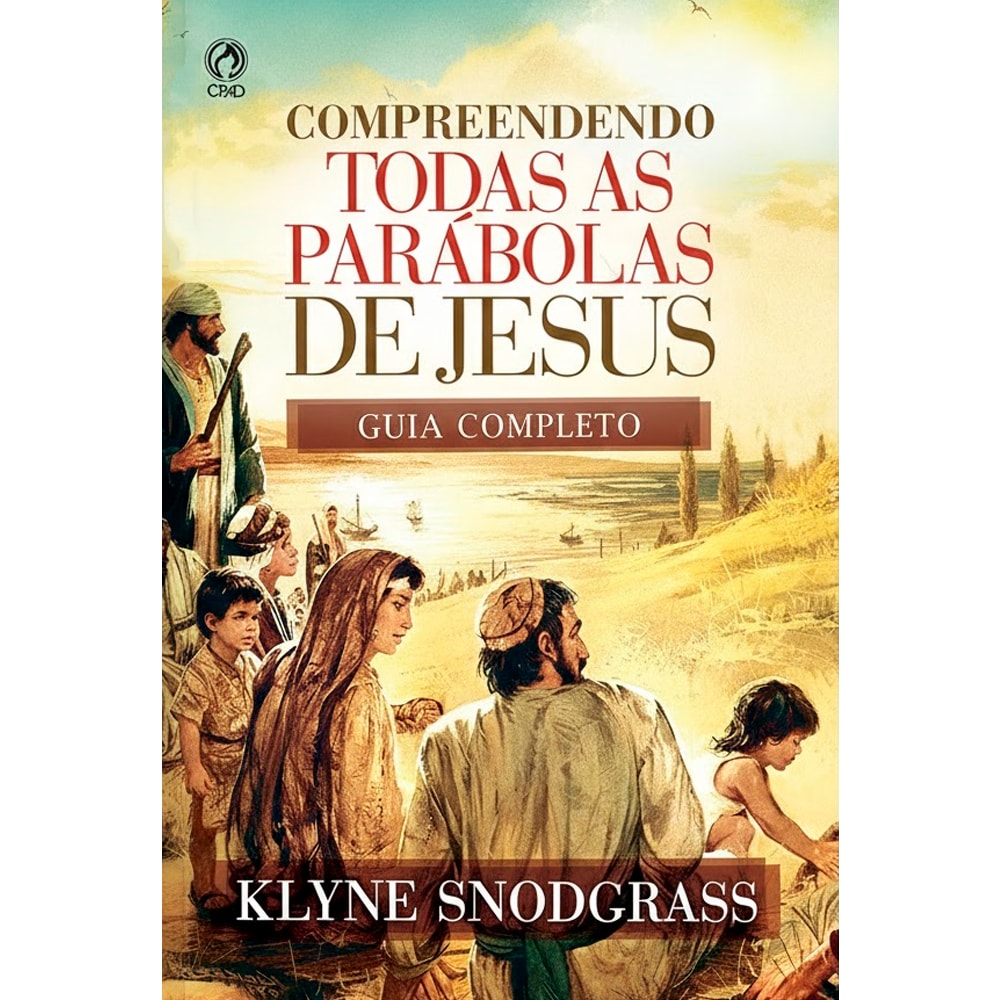 Capa do livro Compreendendo Todas as Parábolas de Jesus, de Klyne Snodgrass, com cena bíblica. — Plenitude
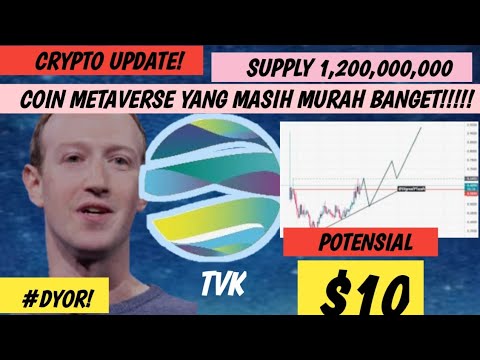 COIN METAVERSE YANG SANGAT MURAH! LOW MARKETCAP! SUPPLY DIKIT BANGET!! YUK KEPOIN TVK!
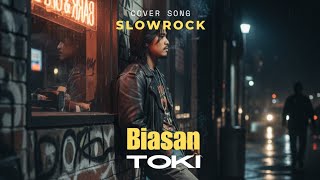 Download lagu “Biasan – Toki | Cover Slowrock Malaysia 90an” mp3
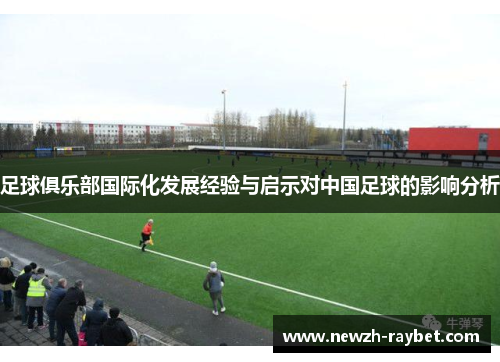 足球俱乐部国际化发展经验与启示对中国足球的影响分析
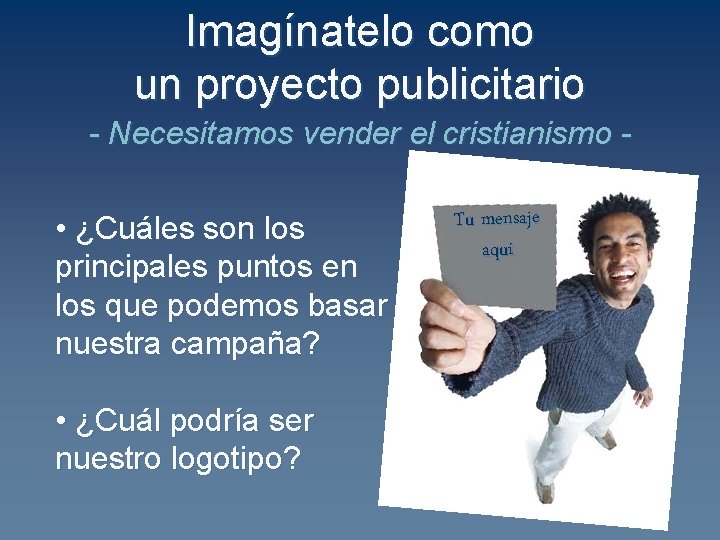 Imagínatelo como un proyecto publicitario - Necesitamos vender el cristianismo - • ¿Cuáles son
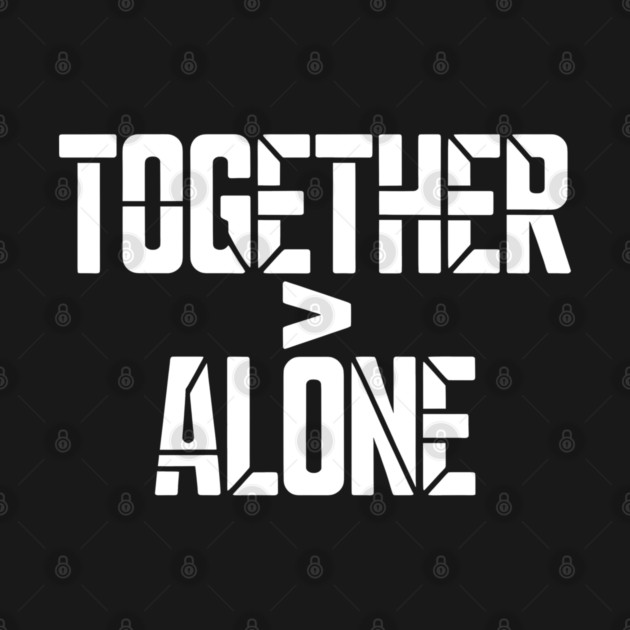 Together > Alone Family Gift by Emmanuel's Store 4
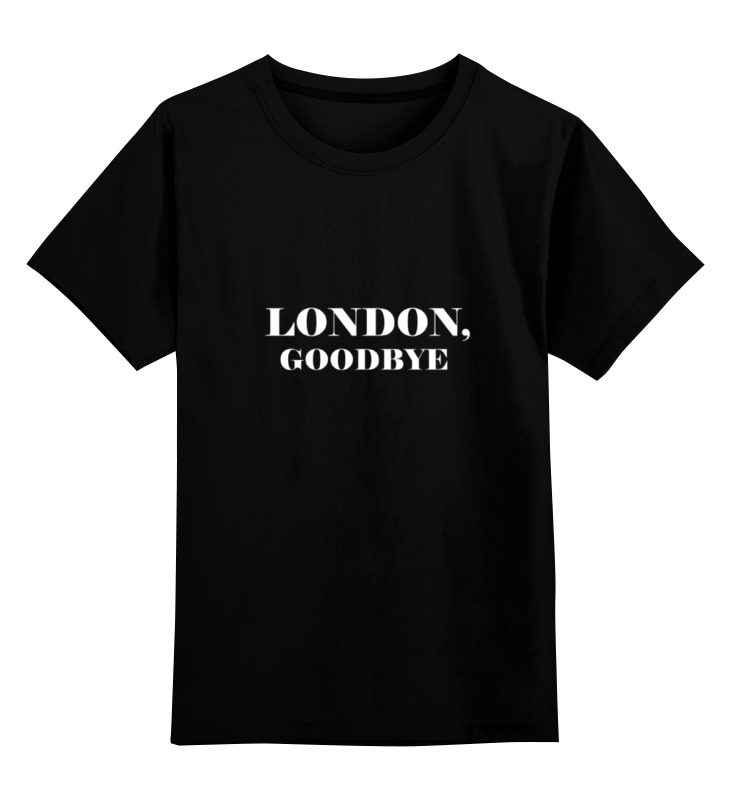Printio Детская футболка классическая унисекс London, goodbye printio свитшот унисекс хлопковый london goodbye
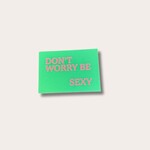Kaart - Don't worry be sexy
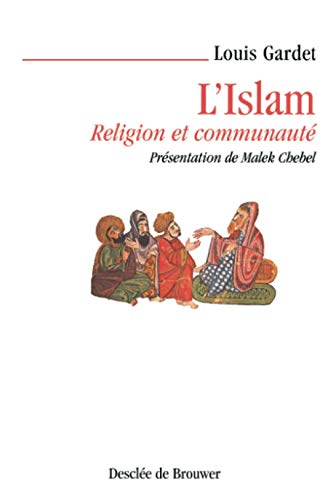 L'Islam: religion et communauté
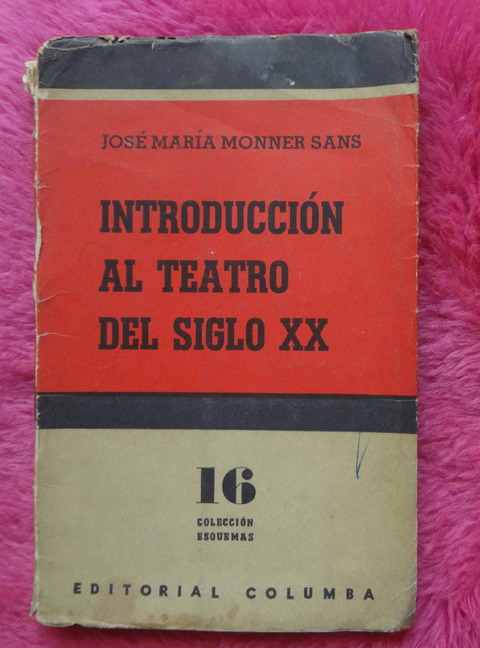 Introducción al teatro del siglo XX de José María Monner Sans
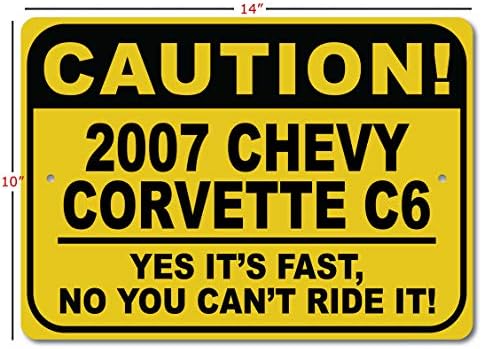 2007 07 Знак Chevy Corvette C6 Внимателно, Бърза кола, Метален Знак Новост, Стена Декор на Пещерата на Човека, Знак на гараж - 10x14 инча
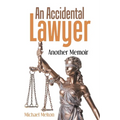 An Accidental Lawyer: Another Memoir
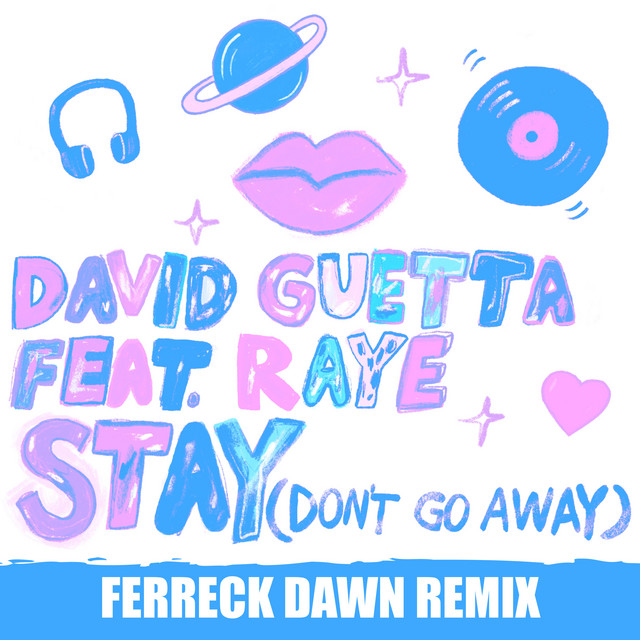 کاور آهنگ Stay (Don't Go Away) [feat. Raye] - Ferreck Dawn Remix از David Guetta, RAYE, Ferreck Dawn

________________________

**Task brief**
Starting at the line that holds "足球俱乐部国际化发展经验与启示对中国足球的影响分析", repeat every line through the end of the listing exactly as written, skipping any picture.

**Answer space**
 足球俱乐部国际化发展经验与启示对中国足球的影响分析
 Imagínatelo como un proyecto publicitario - Necesitamos vender el cristianismo - • ¿Cuáles son
 Together > Alone Family Gift by Emmanuel's Store 4
Printio Детская футболка классическая унисекс London, goodbye printio свитшот унисекс хлопковый london goodbye
Kaart - Don't worry be sexy
 L'Islam: religion et communauté
 Introducción al teatro del siglo XX de José María Monner Sans
 2007 07 Знак Chevy Corvette C6 Внимателно, Бърза кола, Метален Знак Новост, Стена Декор на Пещерата на Човека, Знак на гараж - 10x14 инча
 An Accidental Lawyer: Another Memoir
 کاور آهنگ Stay (Don't Go Away) [feat. Raye] - Ferreck Dawn Remix از David Guetta, RAYE, Ferreck Dawn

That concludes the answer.